• **Records for this exercise**
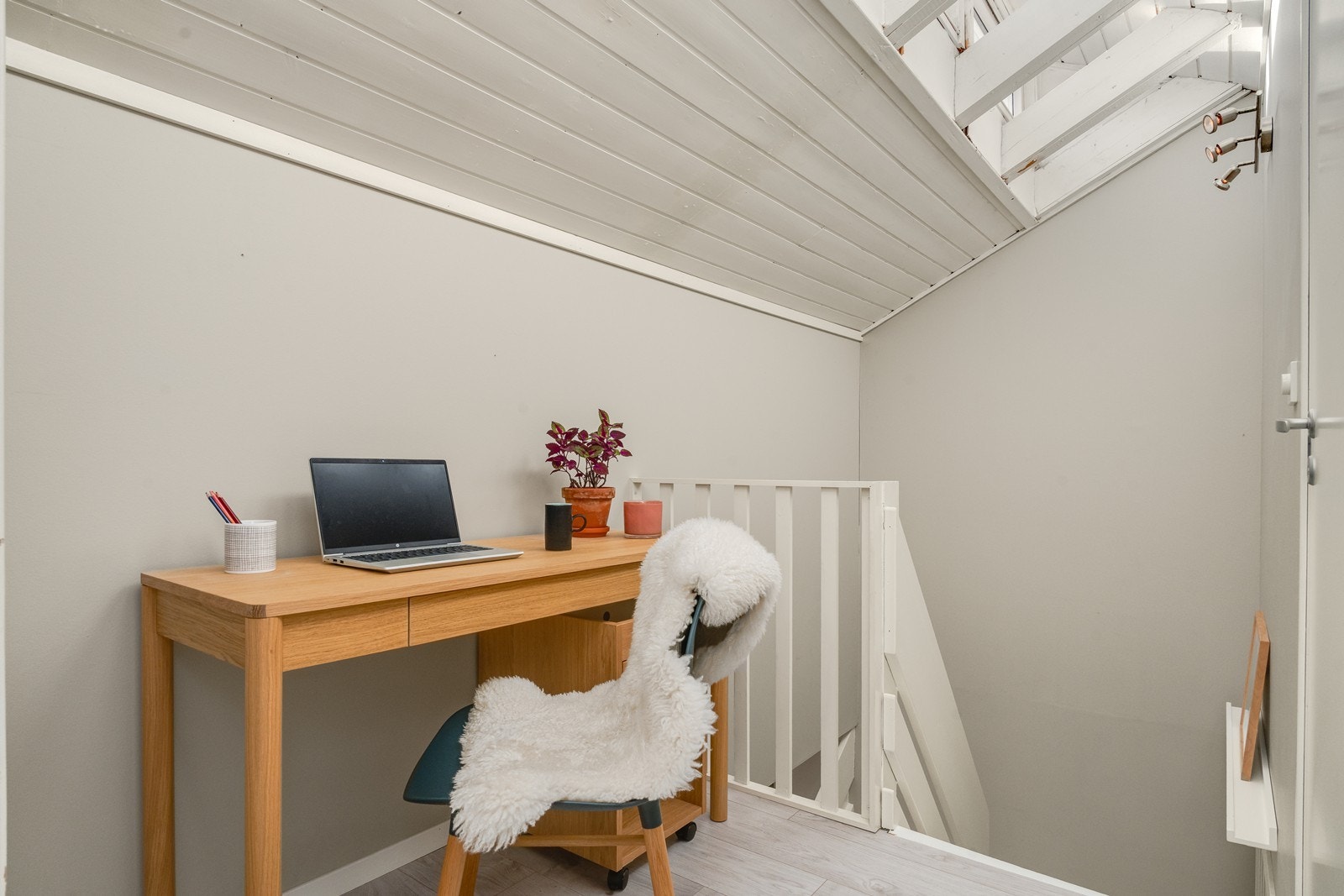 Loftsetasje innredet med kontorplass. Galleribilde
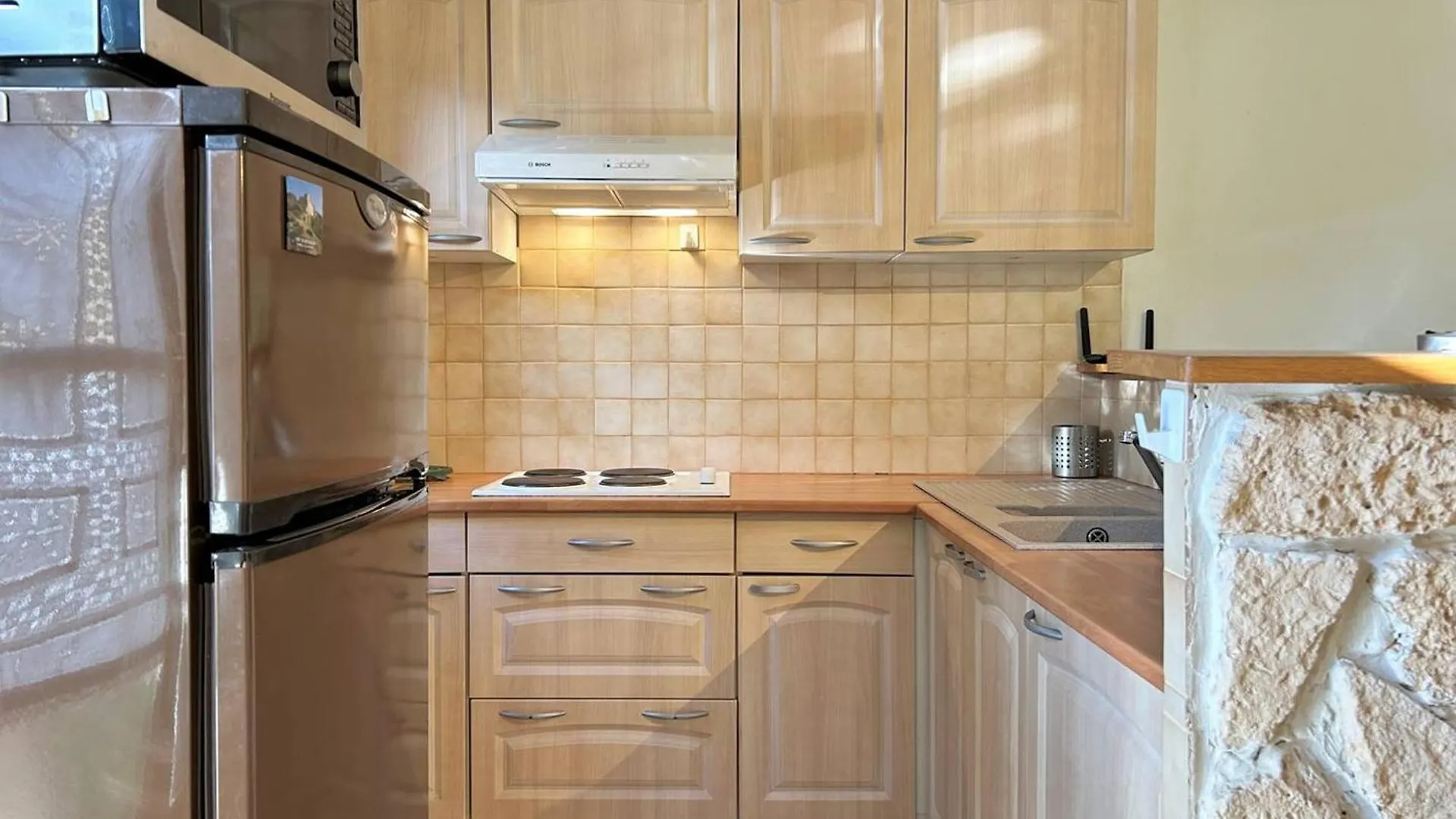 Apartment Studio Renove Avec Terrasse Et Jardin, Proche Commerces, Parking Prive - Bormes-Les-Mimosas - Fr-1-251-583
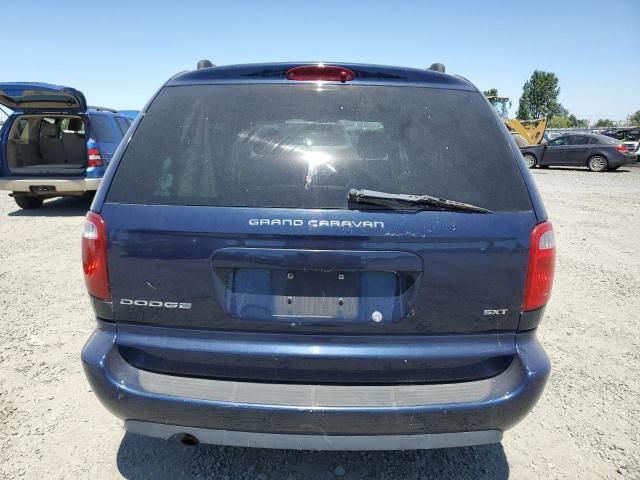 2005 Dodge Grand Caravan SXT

...

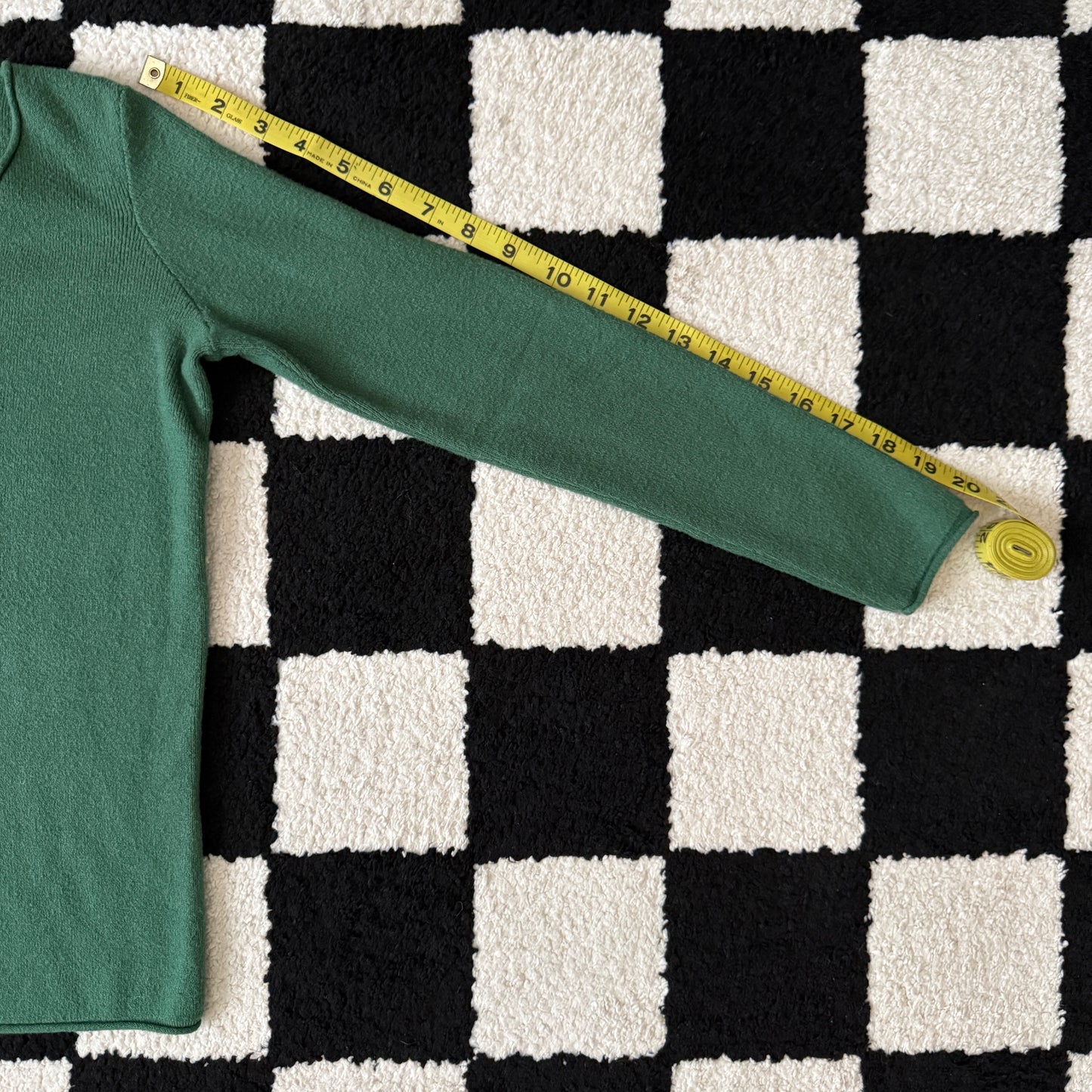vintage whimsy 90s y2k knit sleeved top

• **What to do**
Copy needed, without pictures: the lines of the listing above from the line containing "Loftsetasje innredet med" up to and including the line containing "2005 Dodge Grand Caravan SXT", set down exactly.

• **Written answer**
 Loftsetasje innredet med kontorplass. Galleribilde
 Apartment Studio Renove Avec Terrasse Et Jardin, Proche Commerces, Parking Prive - Bormes-Les-Mimosas - Fr-1-251-583
 2005 Dodge Grand Caravan SXT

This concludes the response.